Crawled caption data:
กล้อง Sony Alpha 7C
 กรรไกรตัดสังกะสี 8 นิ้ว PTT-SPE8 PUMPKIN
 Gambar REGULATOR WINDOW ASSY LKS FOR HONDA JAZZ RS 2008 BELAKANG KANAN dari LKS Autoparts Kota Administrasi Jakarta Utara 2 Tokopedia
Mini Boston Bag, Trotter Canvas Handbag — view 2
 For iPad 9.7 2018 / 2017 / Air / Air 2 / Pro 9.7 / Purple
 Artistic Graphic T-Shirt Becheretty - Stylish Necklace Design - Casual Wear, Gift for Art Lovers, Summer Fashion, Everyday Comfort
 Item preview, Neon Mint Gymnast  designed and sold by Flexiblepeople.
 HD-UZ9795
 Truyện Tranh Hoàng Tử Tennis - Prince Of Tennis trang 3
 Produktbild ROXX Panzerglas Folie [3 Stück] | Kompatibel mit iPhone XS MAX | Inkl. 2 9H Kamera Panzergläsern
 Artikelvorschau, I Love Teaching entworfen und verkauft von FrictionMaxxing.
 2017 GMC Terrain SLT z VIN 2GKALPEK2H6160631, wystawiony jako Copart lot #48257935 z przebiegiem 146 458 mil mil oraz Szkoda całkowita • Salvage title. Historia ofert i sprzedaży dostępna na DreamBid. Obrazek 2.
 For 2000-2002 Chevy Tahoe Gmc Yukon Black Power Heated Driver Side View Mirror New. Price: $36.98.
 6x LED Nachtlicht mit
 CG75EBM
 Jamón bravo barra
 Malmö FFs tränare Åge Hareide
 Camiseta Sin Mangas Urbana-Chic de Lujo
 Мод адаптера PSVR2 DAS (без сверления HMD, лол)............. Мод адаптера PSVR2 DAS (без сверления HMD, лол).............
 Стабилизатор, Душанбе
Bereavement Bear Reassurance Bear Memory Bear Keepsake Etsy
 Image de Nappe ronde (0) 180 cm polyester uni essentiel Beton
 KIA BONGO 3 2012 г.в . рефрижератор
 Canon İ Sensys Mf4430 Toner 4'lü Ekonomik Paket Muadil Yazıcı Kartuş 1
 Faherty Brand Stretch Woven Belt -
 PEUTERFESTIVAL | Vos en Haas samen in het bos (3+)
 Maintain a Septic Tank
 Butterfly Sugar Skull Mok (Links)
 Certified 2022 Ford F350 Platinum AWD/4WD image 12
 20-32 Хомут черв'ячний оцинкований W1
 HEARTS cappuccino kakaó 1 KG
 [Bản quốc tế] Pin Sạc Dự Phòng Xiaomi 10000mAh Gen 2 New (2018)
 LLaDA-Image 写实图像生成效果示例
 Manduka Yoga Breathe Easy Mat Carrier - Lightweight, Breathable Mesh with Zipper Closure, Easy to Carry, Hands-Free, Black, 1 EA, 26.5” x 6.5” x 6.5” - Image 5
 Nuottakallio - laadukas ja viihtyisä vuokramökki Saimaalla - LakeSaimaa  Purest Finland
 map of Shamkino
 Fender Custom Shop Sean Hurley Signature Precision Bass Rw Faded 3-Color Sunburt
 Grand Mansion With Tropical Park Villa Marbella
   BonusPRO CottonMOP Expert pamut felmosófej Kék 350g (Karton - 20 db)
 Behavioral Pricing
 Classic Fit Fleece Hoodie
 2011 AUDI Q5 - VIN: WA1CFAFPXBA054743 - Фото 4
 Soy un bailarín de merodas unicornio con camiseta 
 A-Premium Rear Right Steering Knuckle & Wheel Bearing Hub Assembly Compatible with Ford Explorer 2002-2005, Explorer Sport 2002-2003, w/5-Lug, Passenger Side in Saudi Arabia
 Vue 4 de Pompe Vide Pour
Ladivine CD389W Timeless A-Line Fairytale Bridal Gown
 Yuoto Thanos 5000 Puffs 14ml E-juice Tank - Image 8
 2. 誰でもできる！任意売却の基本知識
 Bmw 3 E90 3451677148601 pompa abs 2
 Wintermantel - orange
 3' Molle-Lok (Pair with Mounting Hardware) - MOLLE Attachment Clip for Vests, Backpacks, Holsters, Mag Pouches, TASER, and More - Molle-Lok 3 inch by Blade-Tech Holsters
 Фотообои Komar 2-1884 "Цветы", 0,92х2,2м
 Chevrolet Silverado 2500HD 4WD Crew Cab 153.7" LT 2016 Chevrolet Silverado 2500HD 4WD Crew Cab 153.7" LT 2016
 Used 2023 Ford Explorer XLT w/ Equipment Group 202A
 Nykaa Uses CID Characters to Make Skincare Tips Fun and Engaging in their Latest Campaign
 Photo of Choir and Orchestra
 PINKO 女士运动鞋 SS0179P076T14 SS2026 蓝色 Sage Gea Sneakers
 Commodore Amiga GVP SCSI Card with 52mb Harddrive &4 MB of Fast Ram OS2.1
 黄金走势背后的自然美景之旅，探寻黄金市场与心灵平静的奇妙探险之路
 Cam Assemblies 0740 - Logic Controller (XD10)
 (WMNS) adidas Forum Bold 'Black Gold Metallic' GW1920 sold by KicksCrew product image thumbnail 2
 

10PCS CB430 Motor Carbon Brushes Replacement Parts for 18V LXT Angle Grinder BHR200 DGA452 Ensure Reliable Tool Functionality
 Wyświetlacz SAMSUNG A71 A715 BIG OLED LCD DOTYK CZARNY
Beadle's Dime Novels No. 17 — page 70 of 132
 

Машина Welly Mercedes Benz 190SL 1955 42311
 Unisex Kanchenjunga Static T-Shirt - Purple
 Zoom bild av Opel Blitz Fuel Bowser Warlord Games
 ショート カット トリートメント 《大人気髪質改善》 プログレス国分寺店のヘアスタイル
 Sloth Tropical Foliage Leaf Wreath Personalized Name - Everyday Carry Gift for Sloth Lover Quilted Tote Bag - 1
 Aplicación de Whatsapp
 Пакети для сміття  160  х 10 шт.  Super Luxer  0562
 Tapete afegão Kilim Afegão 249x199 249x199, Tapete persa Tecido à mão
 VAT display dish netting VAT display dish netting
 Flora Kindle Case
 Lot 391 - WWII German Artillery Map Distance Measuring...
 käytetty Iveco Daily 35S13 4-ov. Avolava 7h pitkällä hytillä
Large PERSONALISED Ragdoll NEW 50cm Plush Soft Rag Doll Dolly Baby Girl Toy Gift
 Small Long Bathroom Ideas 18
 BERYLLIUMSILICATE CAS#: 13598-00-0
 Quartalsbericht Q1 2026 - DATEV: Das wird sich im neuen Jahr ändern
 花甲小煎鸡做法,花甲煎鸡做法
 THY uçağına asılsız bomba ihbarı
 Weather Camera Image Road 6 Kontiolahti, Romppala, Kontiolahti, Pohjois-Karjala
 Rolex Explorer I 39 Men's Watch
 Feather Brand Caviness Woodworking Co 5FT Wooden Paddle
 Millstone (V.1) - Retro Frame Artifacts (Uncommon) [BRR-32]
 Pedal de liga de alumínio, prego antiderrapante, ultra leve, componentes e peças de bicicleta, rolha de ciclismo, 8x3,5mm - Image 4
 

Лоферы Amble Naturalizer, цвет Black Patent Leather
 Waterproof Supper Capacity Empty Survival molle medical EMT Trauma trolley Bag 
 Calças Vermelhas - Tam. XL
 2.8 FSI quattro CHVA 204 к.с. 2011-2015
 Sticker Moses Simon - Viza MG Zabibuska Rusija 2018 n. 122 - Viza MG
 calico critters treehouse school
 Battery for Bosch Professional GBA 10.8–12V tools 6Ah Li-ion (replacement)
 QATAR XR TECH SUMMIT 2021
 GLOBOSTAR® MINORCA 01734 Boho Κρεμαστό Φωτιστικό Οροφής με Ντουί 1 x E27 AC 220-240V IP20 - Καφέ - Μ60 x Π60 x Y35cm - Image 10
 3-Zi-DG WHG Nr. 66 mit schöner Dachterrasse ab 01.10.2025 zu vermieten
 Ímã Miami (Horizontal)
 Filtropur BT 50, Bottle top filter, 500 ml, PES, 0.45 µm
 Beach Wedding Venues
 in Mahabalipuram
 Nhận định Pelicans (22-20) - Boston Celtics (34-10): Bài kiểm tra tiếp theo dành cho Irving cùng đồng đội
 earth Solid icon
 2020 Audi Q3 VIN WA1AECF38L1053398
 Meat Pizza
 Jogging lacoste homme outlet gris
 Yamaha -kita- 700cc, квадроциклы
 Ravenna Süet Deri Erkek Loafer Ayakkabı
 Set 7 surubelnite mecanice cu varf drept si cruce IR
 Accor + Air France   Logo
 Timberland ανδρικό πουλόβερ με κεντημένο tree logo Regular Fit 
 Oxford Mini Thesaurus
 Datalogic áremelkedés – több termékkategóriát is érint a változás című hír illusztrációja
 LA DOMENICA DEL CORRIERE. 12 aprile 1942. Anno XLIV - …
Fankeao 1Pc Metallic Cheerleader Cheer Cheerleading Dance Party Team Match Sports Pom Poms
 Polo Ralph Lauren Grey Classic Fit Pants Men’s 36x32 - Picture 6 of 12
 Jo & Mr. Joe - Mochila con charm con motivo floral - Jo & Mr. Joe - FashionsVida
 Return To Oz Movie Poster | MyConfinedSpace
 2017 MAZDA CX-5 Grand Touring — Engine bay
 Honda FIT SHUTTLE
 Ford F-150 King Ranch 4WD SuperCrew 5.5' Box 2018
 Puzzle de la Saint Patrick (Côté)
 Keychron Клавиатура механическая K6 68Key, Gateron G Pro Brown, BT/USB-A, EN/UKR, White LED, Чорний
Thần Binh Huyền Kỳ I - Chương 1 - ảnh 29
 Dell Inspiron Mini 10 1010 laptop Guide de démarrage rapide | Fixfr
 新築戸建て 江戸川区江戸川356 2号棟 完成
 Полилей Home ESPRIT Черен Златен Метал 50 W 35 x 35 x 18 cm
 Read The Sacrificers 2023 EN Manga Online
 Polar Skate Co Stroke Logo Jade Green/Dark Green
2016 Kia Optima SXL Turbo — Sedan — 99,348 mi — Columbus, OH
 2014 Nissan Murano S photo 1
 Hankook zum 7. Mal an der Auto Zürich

REQUIRED ACTION:
Please copy the lines in the records above between the one holding "กรรไกรตัดสังกะสี 8 นิ้ว PTT-SPE8 PUMPKIN" and the one holding "Artikelvorschau, I Love", inclusive, exactly and with no other line.

RESPONSE AREA:
 กรรไกรตัดสังกะสี 8 นิ้ว PTT-SPE8 PUMPKIN
 Gambar REGULATOR WINDOW ASSY LKS FOR HONDA JAZZ RS 2008 BELAKANG KANAN dari LKS Autoparts Kota Administrasi Jakarta Utara 2 Tokopedia
Mini Boston Bag, Trotter Canvas Handbag — view 2
 For iPad 9.7 2018 / 2017 / Air / Air 2 / Pro 9.7 / Purple
 Artistic Graphic T-Shirt Becheretty - Stylish Necklace Design - Casual Wear, Gift for Art Lovers, Summer Fashion, Everyday Comfort
 Item preview, Neon Mint Gymnast  designed and sold by Flexiblepeople.
 HD-UZ9795
 Truyện Tranh Hoàng Tử Tennis - Prince Of Tennis trang 3
 Produktbild ROXX Panzerglas Folie [3 Stück] | Kompatibel mit iPhone XS MAX | Inkl. 2 9H Kamera Panzergläsern
 Artikelvorschau, I Love Teaching entworfen und verkauft von FrictionMaxxing.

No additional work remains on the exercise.